Well, I'll say this for it -- it has the advantage of simplicity. If I am sometimes moved to pity for K-Lo because even he own colleagues look down on her, I can also see a benefit to being so incurious and Jesus-addled -- she doesn't need fancy theology to know that her redeemer (John Boehner) liveth.

Monday, September 13, 2010

NEW VOICE COLUMN UP, about rightbloggers' 9/11 observances. The emphasis this year seemed to be on how Muslims, when they are not erecting Victory Mosques, are trying to kill us all.
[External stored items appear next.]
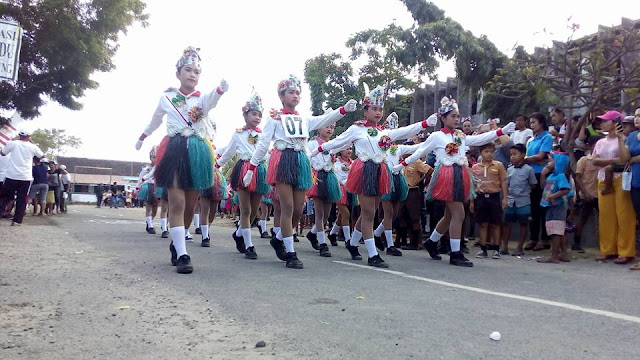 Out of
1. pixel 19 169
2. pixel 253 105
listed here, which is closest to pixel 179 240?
pixel 253 105

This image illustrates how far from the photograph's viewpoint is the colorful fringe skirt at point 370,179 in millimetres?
6789

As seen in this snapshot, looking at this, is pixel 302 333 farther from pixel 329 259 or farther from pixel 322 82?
pixel 322 82

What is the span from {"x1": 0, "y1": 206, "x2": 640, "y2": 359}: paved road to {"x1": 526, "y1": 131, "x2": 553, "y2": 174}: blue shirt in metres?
2.44

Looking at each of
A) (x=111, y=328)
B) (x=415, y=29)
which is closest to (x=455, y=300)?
(x=111, y=328)

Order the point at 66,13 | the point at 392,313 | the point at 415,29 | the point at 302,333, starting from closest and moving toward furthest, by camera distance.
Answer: the point at 302,333, the point at 392,313, the point at 66,13, the point at 415,29

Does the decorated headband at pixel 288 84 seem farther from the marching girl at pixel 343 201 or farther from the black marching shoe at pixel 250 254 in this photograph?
the marching girl at pixel 343 201

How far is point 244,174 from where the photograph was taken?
24.5ft

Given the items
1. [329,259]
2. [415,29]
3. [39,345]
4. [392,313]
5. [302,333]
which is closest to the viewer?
[39,345]

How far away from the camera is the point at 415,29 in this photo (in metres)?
17.8

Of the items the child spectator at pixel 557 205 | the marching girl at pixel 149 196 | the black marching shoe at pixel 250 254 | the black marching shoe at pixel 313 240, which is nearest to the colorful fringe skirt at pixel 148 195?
the marching girl at pixel 149 196

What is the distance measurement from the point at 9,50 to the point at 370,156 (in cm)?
535

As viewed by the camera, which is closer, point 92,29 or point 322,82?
point 92,29

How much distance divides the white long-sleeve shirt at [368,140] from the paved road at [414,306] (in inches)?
59.1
Don't worry, non-Muslim Americans who didn't spend the weekend watching footage of people jumping out of the World Trade Center also came in for abuse. But the main culprit was "Islam" -- by which they perhaps meant all Muslims except the ones they knew personally and Muhammed Ali, though they didn't say so. Maybe by this point they're so accustomed to using coded language, they think everyone understands it.

Sunday, September 12, 2010

HONKY CHATEAU. No idea why, but #racialdraft -- a reference to a great bit from the Chapelle Show -- is trending on Twitter. And it's bringing some nice gags, of the sort made by people who are comfortable with one another:
Naceesha #racialdraft whitney houston fer amy winehouse < #cokeheads

coachdorian #racialdraft Churchs for Chickfila<< those Moormen's damn near have a chicken monopoly

AyoShaNielle #RacialDraft, we'd gladly give up 50 Tyson for a klondike bar.
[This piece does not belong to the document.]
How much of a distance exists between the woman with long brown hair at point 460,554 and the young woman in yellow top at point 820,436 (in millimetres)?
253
E_zDoesit #RacialDraft Black people just traded the head of BET for Lindsey Lohan's dad & a shot of Hennessy
I'm loving it, but I ask you: Don't tell our conservative friends. 'Cause all we need to spoil the joke for everyone is for the How-Come-They-Can-Say-Nigger-And-We-Can't types like Ann Althouse to start telling us who the real racists are -- or even worse, trying to joke along. (Try to imagine, say, Rich Lowry [pictured] going, "Yes, heh, the black community trades in Barack Obama and Al Sharpton for a real leader like Sarah Palin, and the punchline is democracy! Do you people of color not see the irony?")
WILL 9/11 NEVER END? Even here (clap clap clap clap) deep in the heart of Texas:
Texas Engineering Extension Services Urban Search and Rescue employees Joe Easterling (left) and Matthew Winn unload a beam of the World Trade Center Friday at Kyle Field. The beam will be positioned in the Zone before the Texas A&M football game against Louisiana Tech at 6:05 p.m. Saturday.
Well, the Aggies won, so I guess God still blesses America.

How weird, to be down here for 9/11 instead of back home telling the rubes to lay off. But then, who's a rube anymore? I understand the folks back home have caught a touch of stupid since I left. I may have to go back and regulate.

Oh well, happy waning moments of 9/11. Now, on to 9/12. Look, people, as driven as I am to talk sense to you by my catecholamine surges and the Voice of God, there may come a time when I'm forced to decide that it's just not worth the bother.